Mary McCarthy, unable to pay cash, having been rejected by the Italian Catholic grocer, out of desperation, enters Moshe Wolf Davidowsky's grocery .  Mary's first stereo type of Jews is shattered when the Orthodox Jew warmly extends not only credit but also generously recommends traditional Irish corned beef.  She is introduced to Jewish kindness, something unheard of in her Catholic education.  She attributes her fate to Jesus' directing her there.  Her father acts violently upon hearing that his daughter did business with a Jew.  Her experience is different and she ends up befriending the paralytic and becomes his dresser and aid and even confesses being in love with him.

The book takes on a complex plot line making neighborhood childhood friends adult rivals: Catholic Mary competes with Jewish Rachel for the attentions of Irving, Moshe Wolf's younger son, successful businessman.  After surviving the famous Triangle Shirt factory fire at Washington Square, Mary decides on a course of action to maintain financial stability and marry Irving.  Irving goes against Jewish tradition on two counts by marrying out of the faith and denying the request of a man on his death bed.  With the mitigating circumstances of Mary's impending pregnancy  a la Irving and never having been officially committed to Rachel even though the entire neighborhood is under such an impression, Irving never fulfills the dying man's wish and marries Mary.  Irving, nevertheless uses Rachel to gain funding for his own company by taking out a loan from her wealthy Uncle.

When the intermarriage is revealed much soul searching ensues despite the traditional Shiva period as if one died, Moshe Wolf says kaddish for Irving.  The intermarriage seems intact, however, until Mary violates the agreement with Irving that the child not be raised in either faith when she brings the child to baptism in the Church.

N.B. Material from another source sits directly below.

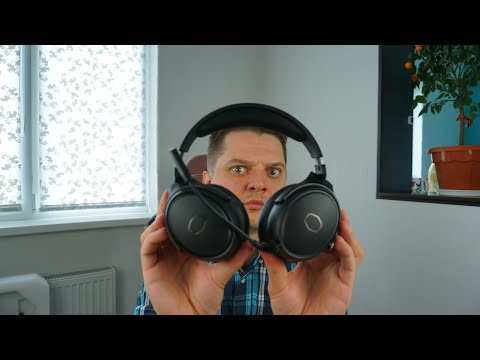 Видео: Беспроводная гарнитура Cooler Master за 10К.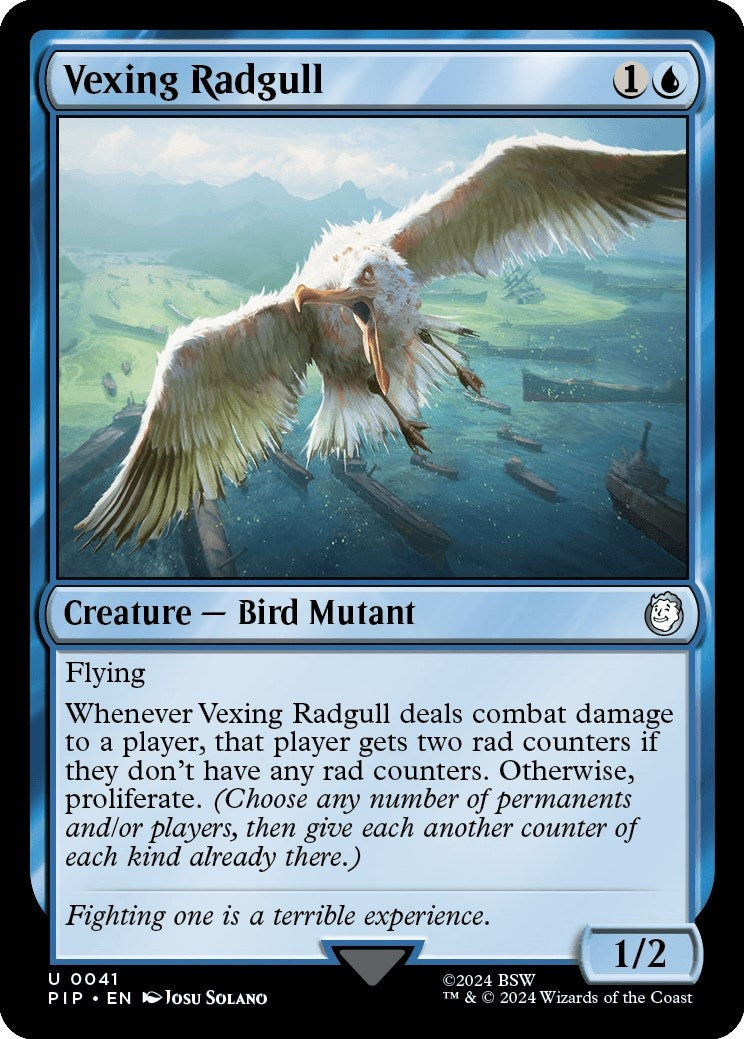 Image for Vexing Radgull (41) (PIP) - Magic: The Gathering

The married couple argue; Irving is devastated and Mary goes off on an anti-Jewish rant because such an agreement is illegitimate from the beginning from a Christian point of view and Irving should have known that from a Jewish point of view too.

The whole family is initially broken up and even disgraced in the Synagogue. Ultimately, the qualities of reconciliation and kindness triumph. Moshe Wolf struggles with the concept of an uncircumcised gentile grandson, "one to grow up and hate the Jews". Jewish concepts of never shaming a person, and of being merciful ring out in the piety of Moshe Wolf when he does not hold a grudge against Mary for baptizing her child.  He argues that the child goes after the mother.  All this time, Mary is overwhelmed with Moshe Wolf's piety and humanity.  There is even a hint at Mary's faith in Jesus beginning to wane since all of her Jewish experiences comprise of love, something that was lacking in her own family. The Davidowskys accept her even with her faith.

The Passover scene where Mary as a believing Catholic attempts at making sincere kosher preparations for her pious father in law seems to strain credibility.  What makes this book a compelling read is, however, the reality of assimilation in America and the American value of liberal acceptance.  The sad truth is when one lacks a strong faith, lacks a Jewish education, and strives to Americanize, then the Biblical prohibition of intermarriage is overwhelmed by simple love and acceptance.